5) a) Describe decision, intention, free will, choice and control. What makes things happen? How does it work?
Give examples from your own recent experiences to how things happen and how things work.
Decision is a thought. For example, the thought I just had: “I’m going to get a coffee.” The reality of this decision is that it is only thought. None of the components of decision are real. “I” is a label that refers to a non-existent separate witness or a series of colors in sight that offer no proof for a separate body. “Going to get” implies time, which is a thought. Is there ever anything that happens? I’ve covered past above. The future is only an idea. “A coffee” is a label for some colors that appear. The change in color from the green of the cup to the brown of the desk do not offer proof for a separately existing thing called coffee.
Often, choices reinforce the illusion of decision. But, where do the choices come from?

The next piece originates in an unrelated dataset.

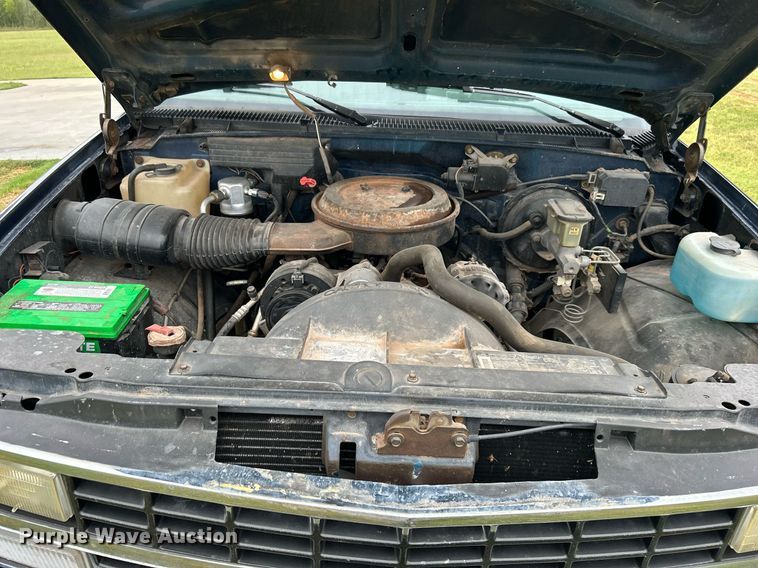 image for item DJ6338 1993 Chevrolet 1500  Ext. Cab pickup truck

Was there an I that thought up the choices? No, that’s not in actual experience. If there is a thought deciding on one of the choices, is there an I that thought that decision? No, that doesn’t happen, I don’t make decisions. Is there an I that moves the body? No, it seems like it moves on it’s own.
Intention, I think I described that with my above example.
Free will and control are totally bogus. Free will is tied into the idea of being able to make decisions. But, as I mentioned, is there an I that generates the choices or generates the decision? No. These are thoughts and they appear spontaneously.
In a way, I’m not so sure that things are even happening. What evidence is there that things are happening? As I look closely, all I see are little images showing different configurations of colors that supposedly happened. These are just thought.. There does seem to be something like a trail of color as colors seem to change, but… I cannot explain this. Things just don’t seem to happen.
b) What are you responsible for? Give examples from your own recent experiences to how this works.
There is no me that is responsible for anything. I, as mentioned, is a bundle of concepts that refer to a doer, thinker, body, and witness. The whole idea falls apart when looking at actual experience.
I remember that earlier this evening I had a thought “I should have done more course work today,” and a sensation appeared too. After questioning, “Does an I do anything,” it is clear that thoughts don’t do anything. There is just no way for thoughts to influence the configuration of colors that appear as actual experience. The burning sensation faded, the thought was no longer present. Life went on.
6) Anything to add?
What do you like to do for fun, and
What is enlightenment and what is it’s relation to seeing that there is no separate self?